Les conditions matérielles de l’exercice du droit d’asile en France ne nous permettent plus d’accueillir comme nous le souhaiterions ceux qui ont réellement besoin de notre protection. Elles constituent, du reste, la source principale d’éventuels détournements de procédure et d’exploitations politiciennes tendant à faire croire que la France accueille « toute la misère du monde ».

Si le nombre de demandeurs d’asile en France a presque doublé entre 2007 et 2013 pour s’élever à près de 65 000 au titre des demandes déposées au cours de l’année 2014, l’Allemagne comptait, à elle seule et pour la même année, environ 173 100 demandes. La France est donc loin de ployer sous le poids des demandes d’asile, ainsi qu’on l’entend trop souvent.

Ce projet de loi cherche à pallier les défauts évidents de notre système d’asile et à mettre notre législation en conformité avec les directives communautaires qui, elles-mêmes, devront évoluer.

Les événements tragiques qui se déroulent depuis des mois – en particulier ces dernières semaines, où l’on a assisté à la mort de milliers de migrants lors de traversées décidées au mépris de toute sécurité – ont démontré qu’il est nécessaire de faire avancer l’harmonisation des législations et des pratiques européennes dans un domaine où chacun sait que la solution ne peut pas être strictement nationale.

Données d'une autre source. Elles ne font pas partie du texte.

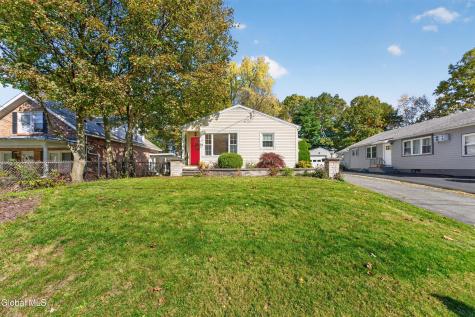 6 Luther Street Troy NY 12180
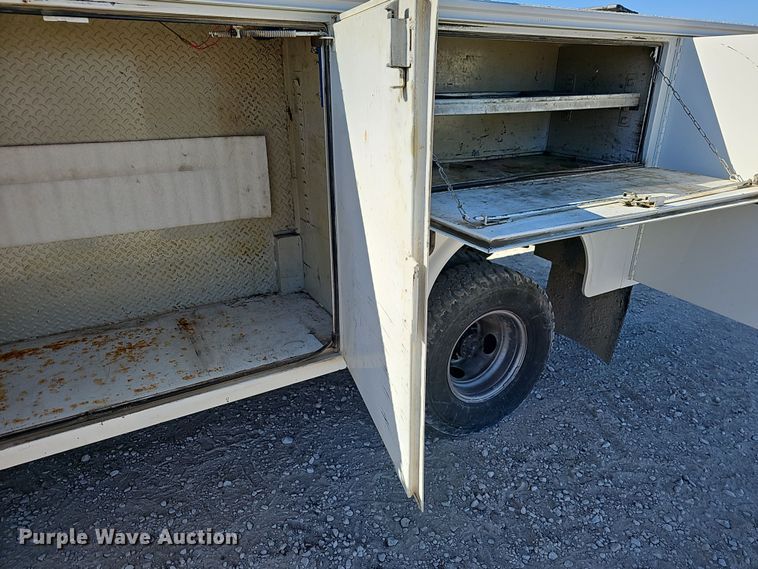 image for item NP9128 1997 Ford F450 Super Duty utility / service truck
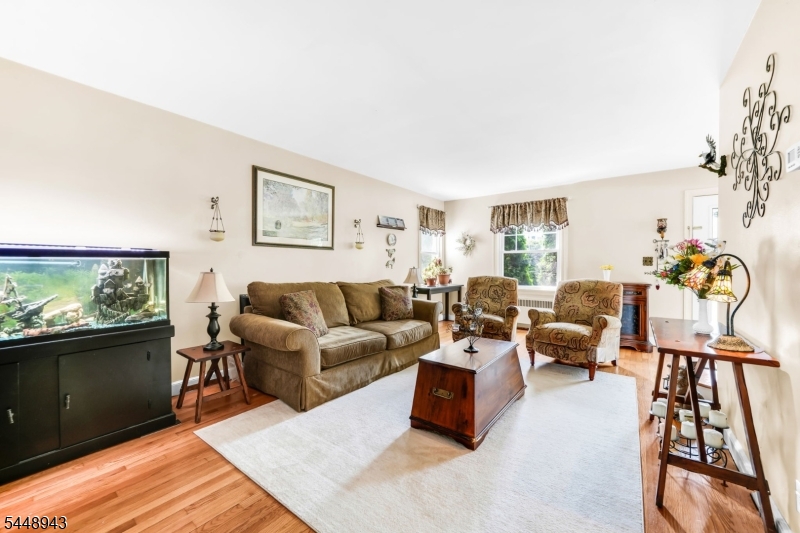 473 Whitewood Road Union, NJ 07083 - Photo 7 of 24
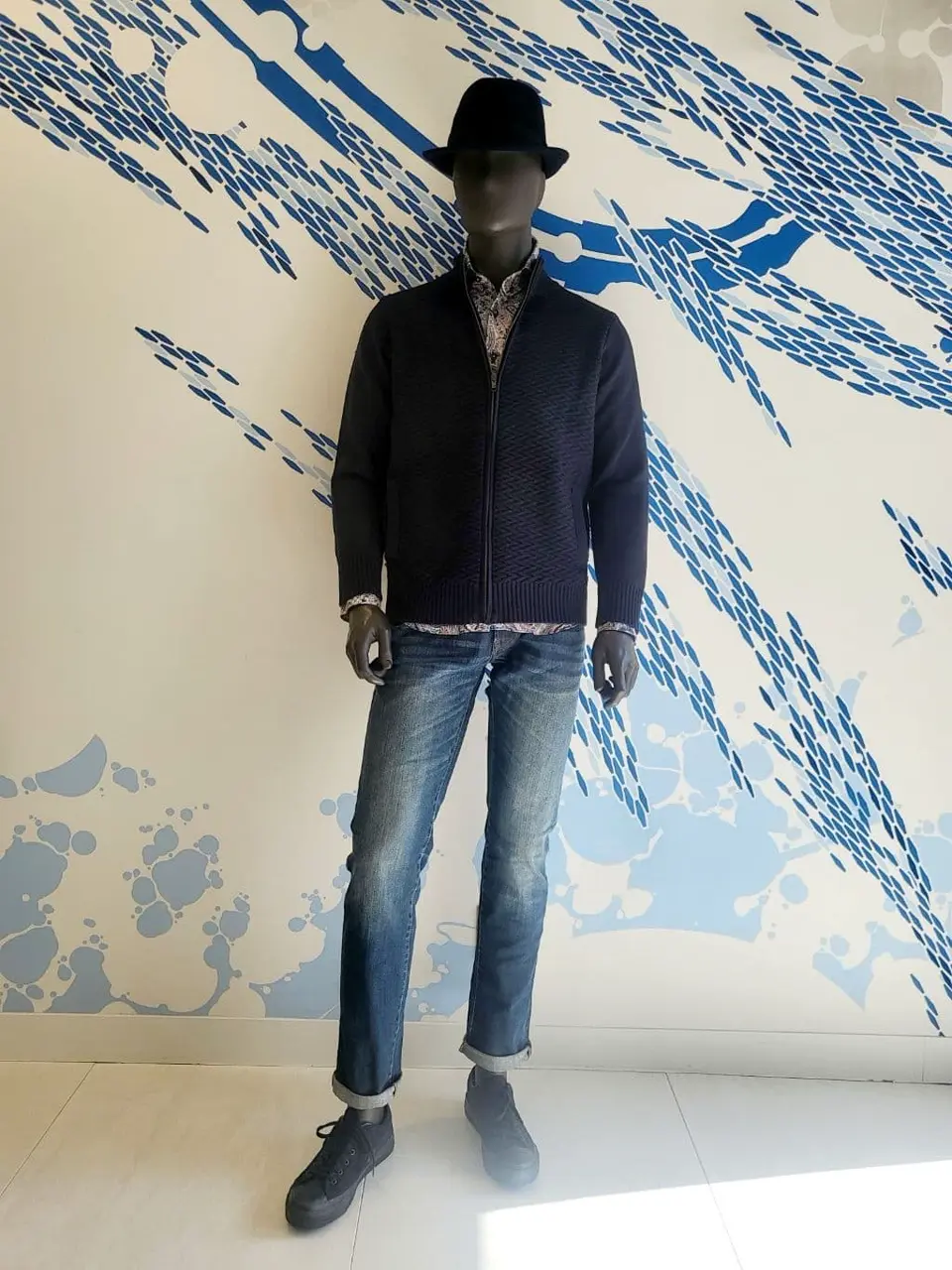 JOSEPH ABBOUD 亀井 コーディネート画像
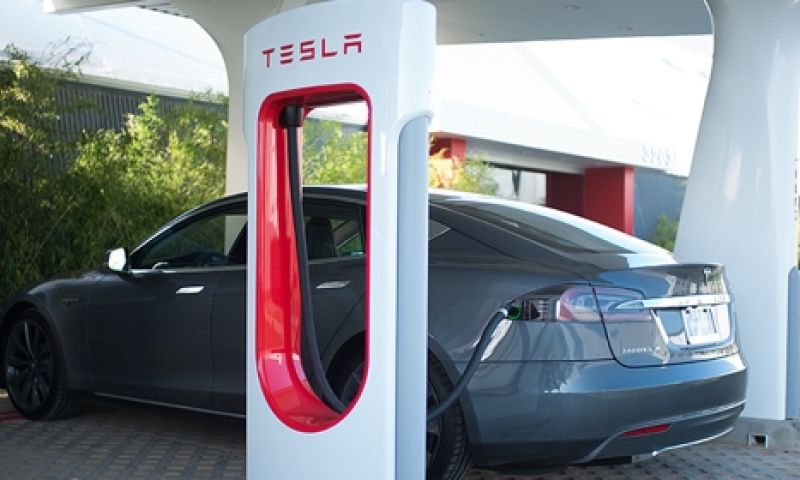 Alle auto's 1 lader? Tesla deelt z'n Supercharger-patenten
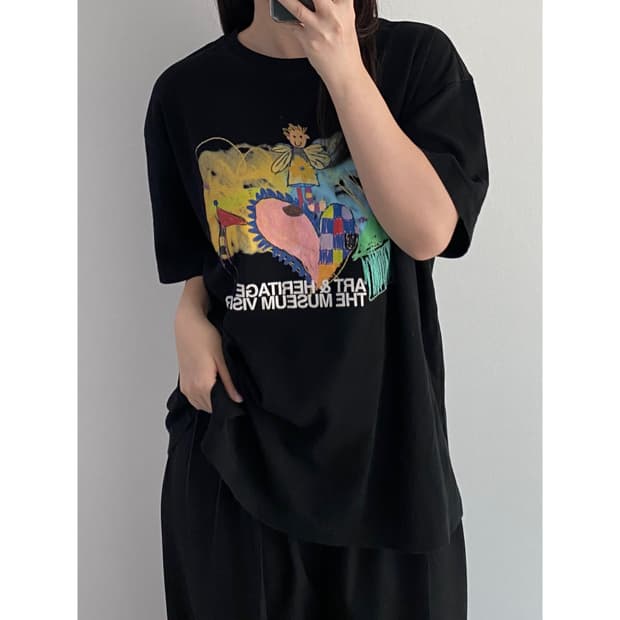더 뮤지엄비지터 반팔티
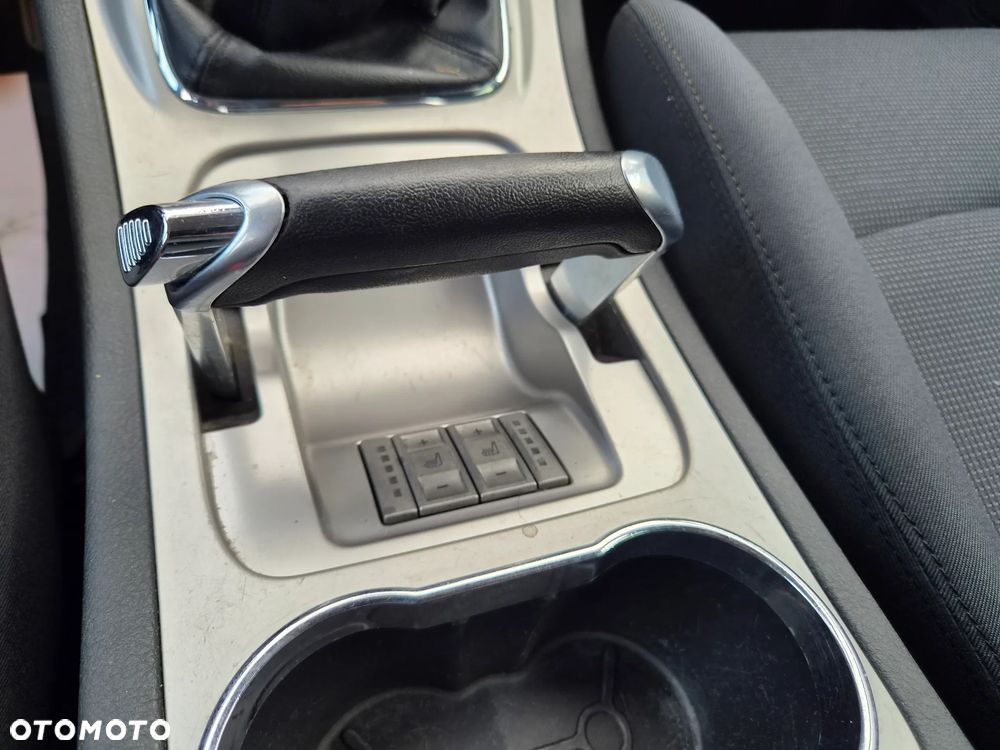 Ford S-Max - 25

Si je ne reviens pas sur l’architecture du texte, qui a été parfaitement présentée par M. le ministre et analysée par M. le rapporteur et les différents intervenants qui m’ont précédée, je veux toutefois souligner ici le caractère courageux d’une réforme juste et équilibrée.

Le texte traite des temps primordiaux de l’asile : l’accueil de la demande, les délais de l’instruction, les recours et l’issue de la procédure.

Premièrement, l’accueil des demandeurs d’asile sera rationalisé et amélioré grâce à la création en préfecture d’un guichet unique d’enregistrement des demandes, qui se fera désormais en trois jours. Après leur prise en charge par l’Office français de l'immigration et de l'intégration, l’OFII, les demandeurs se verront ensuite proposer un hébergement dans le cadre d’un nouveau système dit « directif », qui favorisera progressivement l’accueil en CADA pour tous les demandeurs. De l’acceptation de cette offre d’hébergement dépendra le bénéfice des allocations.

Ce nouveau système d’accueil des demandeurs représente donc l’un des piliers de la réforme. Il permet la mise en place d’un équilibre en proposant une offre décente aux demandeurs d’asile tout en réduisant le phénomène de congestion que connaissent les grandes métropoles.

Deuxièmement, le Gouvernement a fixé la réduction des délais d’instruction comme l’un des objectifs cruciaux de la réforme. Pour y parvenir, les mesures contenues dans le projet de loi allient rapidité et efficacité, tout en garantissant les droits des demandeurs. Le respect d’un délai d’instruction de neuf mois est une condition de réussite de la réforme, mais aussi la meilleure garantie de pérennité de notre système d’asile.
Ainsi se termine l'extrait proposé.